4 Composées en rimes latines par saint Bonaventure, et mises en françois par Pierre Corneille. Paris, 1665, in-12.

si stérile pour celles de Dieu. Peut-être l'a-t-il ainsi voulu pour me donner d'autant plus de quoi m'humilier devant lui, et rabattre cette vanité si naturelle à ceux qui se mêlent d'écrire, quand ils ont eu quelque succès avantageux. En attendant qu'il lui plaise m'inspirer et m'attirer plus fortement, je vous fais cet aveu sincère de ma foiblesse, et ne me hasarderai à vous rien dire de lui que je n'emprunte de ceux qu'il a mieux éclairés.

Accepte notre hommage, et souffre nos louanges,
Lis tout céleste en pureté,
Rose d'immortelle beauté.

Vierge, mère de l'humble et maîtresse des anges,
Tabernacle vivant du Dieu de l'univers,
Contre le dur assaut de tant de maux divers
Donne-nous de la force, et prête-nous ton aide;

Et jusqu'en ce vallon de pleurs
Fais-en du haut du ciel descendre le remède,
Toi qui sais excuser les fautes des pécheurs.

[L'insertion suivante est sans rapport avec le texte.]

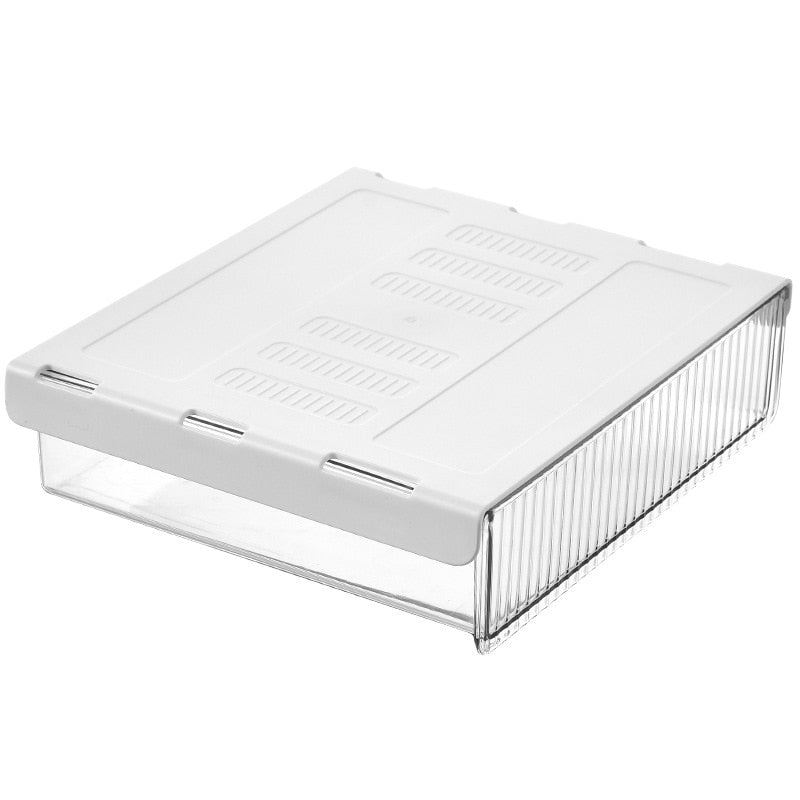 NeatNest Under Desk Storage Drawer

O Vierge sans pareille, et de qui la réponse
Mérita de porter et conçut Jésus-Christ,
Sitôt que Gabriel t'eut fait l'heureuse annonce
Qu'en un souffle sacré suivit le Saint-Esprit;
Vierge devant ta couche, et vierge après ta couche,
Montre en notre faveur que la pitié te touche,
Qu'aucun refuge à toi ne se peut égaler;
Et comme notre vie, en disgraces fertile,
Durant son triste cours incessamment vacille,
Incessamment aussi daigne nous consoler.

L'esprit humain se trouble au nom de vierge mère,
L'orgueil de la raison en demeure ébloui;
De la vertu d'en-baut ce chef-d'œuvre inouï
Pour leurs vaines clartés est toujours un mystère:
La foi, dont l'humble vol perce au-delà des cieux,
Pour cette vérité trouve seule des yeux,
Seule, en dépit des sens, la connoît, la confesse;
Et le cœur, éclairé par cette aveugle foi,
Voit avec certitude, et soutient sans foiblesse,
Qu'un Dieu pour nous sauver voulut naître de toi.